ANCHORAGE (KTUU) - Security training and a fast response from police helped Wednesday’s shooting outside an Anchorage elementary school have about as good an outcome as there could be, school district officials say.
A 26-year-old man was arrested Wednesday outside Denali Montessori Elementary School in downtown Anchorage. Laquinton Robbins had reportedly just dropped off a child when he walked back to his vehicle and got into an argument with the victim, whom he then shot in the upper body.
The victim ran toward the school and was able to enter the first set of doors, but staff in the school quickly reacted to what was going on and automatically locked the interior doors into the school.
A school psychologist heard the shot, said Ruth Dene, the school’s principal, and alerted the office staff. “Within seconds,” Dene said, her administrative assistant pushed the emergency lock down button.
“We practiced our drills and the training came through,” Dene said.
Ashley Lally, the Anchorage School District’s director of security and emergency preparedness says the school is equipped with cameras that can be viewed from the school office. In this case, drop-off for preschool students was still underway when the shooting occurred, but the staff was able to lock the doors from the office.
Not all schools have that auto-locking capability, Lally said. In some schools, the doors are locked even at drop-off time, with school staff holding the doors open to welcome students.
Wednesday, Denali’s preschool program, which starts at 9:30, had just barely started when the shooting occurred. The doors would normally have been locked 15 minutes later. Dene says that policy is now being changed after what happened this week.
The school went into full lock-down mode initially, and was in lock-down mode for six minutes, Dene said. Students in classrooms had to move out of view from the door. While the school hadn’t yet conducted its quarterly school-wide ALICE drills, Dene says teachers talk with students in the first weeks about what to do in an emergency situation.
“Regardless of what the drill is,” she said, she teaches the students to “look to the adult to keep you safe.”
By the time Dene arrived – she’d been at a district-wide leadership meeting at the ASD Education center – the school had been downgraded to stay-put mode after APD officers arrived, assessed the situation and took Robbins into custody.
Some parents came to the school to check on their children, Dene says, and a few decided to take them home for the day. Due to the shooting happening right outside the main entrance, the school’s rear doors were used for entry and exit for the rest of the school day, she said.

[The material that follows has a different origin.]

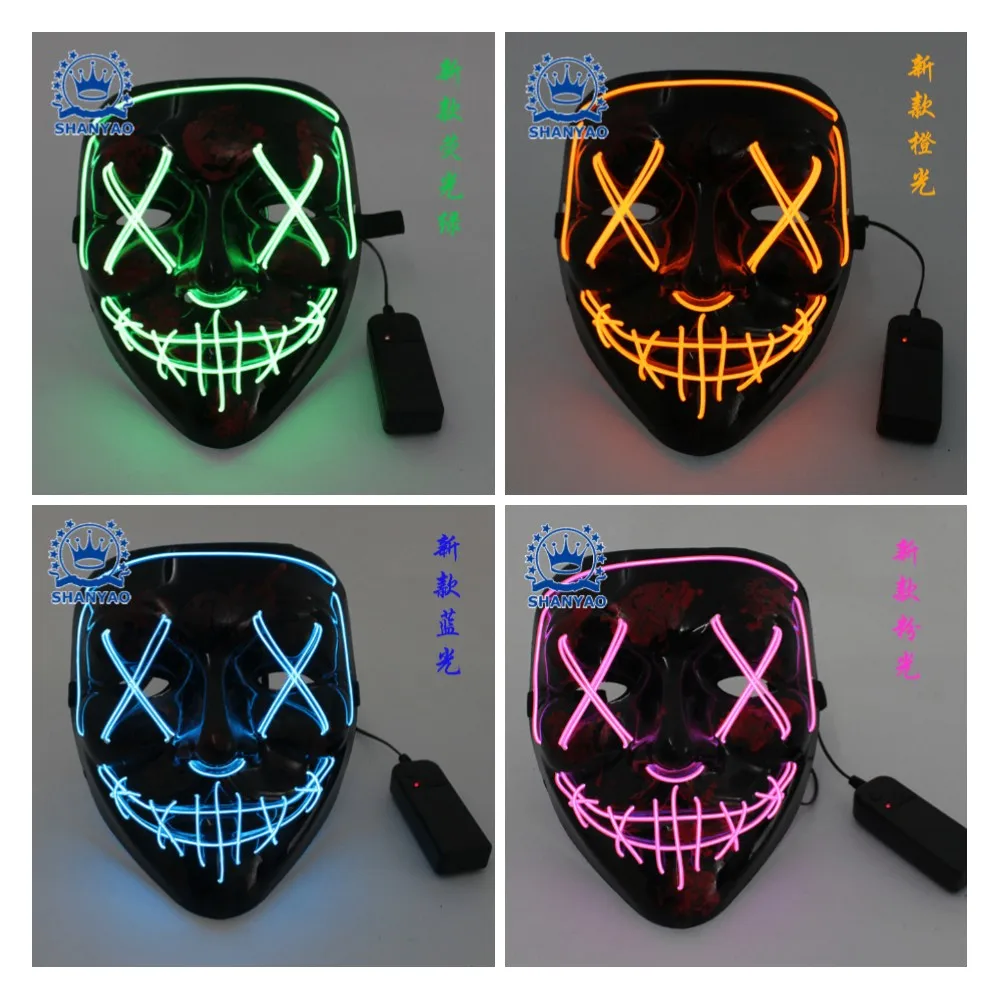 Клоун для косплея светящаяся маска Костюм на Хэллоуин реквизит светодиодный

Dene and ASD officials say it was 90 seconds from the first call to when APD first arrived.
“This is what we train for,” said MJ Thim, a spokesperson for the Anchorage Police Department. He says the call came in at 9:31 a.m. and an officer was at the school by 9:33. A shooting at a school becomes the highest priority, Thim said.
“Situations like this, it’s all-hands-on-deck,” Thim said, “so we flood the area with as many officers as are available, including off-duty.”